Are Golden Handcuffs Worth Their Weight?

Key employees upping sticks is a risk that every business faces, but is one that surprisingly few prepare for. Effective succession planning isn't exactly rocket science but despite its critical role it's often overlooked. Many businesses have to take a reactive approach, working hard to backfill the position or counter-offer when the resignation letter lands on their desk.

'Golden handcuffs' or counter-offers are common strategies to tie in vital staff. However, if an employee's head has been turned a monetary incentive to stay isn't a lasting solution. A high volume of people who accept counter-offers will still leave within the next 12 months.

One KPMG study suggested that the cost of replacing a senior manager in a business can equate to between 3.5 and four times their annual salary. In addition to this clear financial risk, the loss of morale and momentum from their direct reports and teams will, unless exceptionally well managed, directly impact productivity and profitability.

This effect calls for a proactive approach to mitigating the risk that senior resignations present. Every senior manager should have a highly capable second in command, a natural successor who understands the role. This support provides an additional benefit in that, with an effective right hand, the workload and stress of that manager is lessened. This typically equates to a better work-life balance, more time for strategic thinking, continual improvement and finding new ways to add value. All of these factors increase job satisfaction and, as a result, lessen the likelihood of key employees leaving in the first place.

Ultimately when looking at retaining and attracting talent, work should never be a purely financial transaction.

The highest levels of performance and productivity arise when people have an emotional investment in their work, in the company and enjoy what they do. The best way to retain senior management is to ensure they have the room and remit to genuinely enjoy what they do. Lots of tactics can be employed (sabbaticals, job swaps, training investment in 'personal interests' etc.) but what the majority of people I talk to really want is the opportunity to make a difference and be seen to succeed. Provide them with the support and autonomy to achieve success (and to realise their potential) and suddenly a 20 per cent increase on their basic salary to join an unknown environment becomes less attractive.
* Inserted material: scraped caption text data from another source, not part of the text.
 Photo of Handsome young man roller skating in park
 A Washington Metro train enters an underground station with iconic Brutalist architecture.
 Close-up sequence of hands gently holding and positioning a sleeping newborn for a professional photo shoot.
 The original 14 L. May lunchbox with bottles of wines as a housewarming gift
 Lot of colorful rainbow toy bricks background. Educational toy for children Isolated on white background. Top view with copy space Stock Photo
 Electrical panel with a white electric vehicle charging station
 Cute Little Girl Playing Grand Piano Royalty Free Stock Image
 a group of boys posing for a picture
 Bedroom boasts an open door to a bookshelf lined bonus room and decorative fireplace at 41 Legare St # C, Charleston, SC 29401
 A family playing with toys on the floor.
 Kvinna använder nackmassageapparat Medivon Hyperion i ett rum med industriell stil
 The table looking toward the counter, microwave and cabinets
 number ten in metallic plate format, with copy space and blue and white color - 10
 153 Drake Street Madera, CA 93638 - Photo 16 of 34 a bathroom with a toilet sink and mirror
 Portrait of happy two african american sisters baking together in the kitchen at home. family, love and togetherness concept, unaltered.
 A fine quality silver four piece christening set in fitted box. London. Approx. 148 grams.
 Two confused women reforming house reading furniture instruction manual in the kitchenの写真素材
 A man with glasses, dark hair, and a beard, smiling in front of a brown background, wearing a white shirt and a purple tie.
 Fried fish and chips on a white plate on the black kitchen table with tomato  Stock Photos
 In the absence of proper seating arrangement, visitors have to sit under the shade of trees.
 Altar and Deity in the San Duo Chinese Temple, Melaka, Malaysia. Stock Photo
Businesses could focus on enabling senior managers to do their job in the way they believe it needs doing. Remove road-blocks for them, be an advocate and supporter and trust them by providing real autonomy in their roles. Accept some failure and allow them to explore hunches and theories, providing they don't take their eye off the ball. The only sure-fire way of retaining top talent is to provide an environment, culture and role where they can achieve success on their own terms. If they're genuinely top talent, this will also lead to profit and productivity for the business.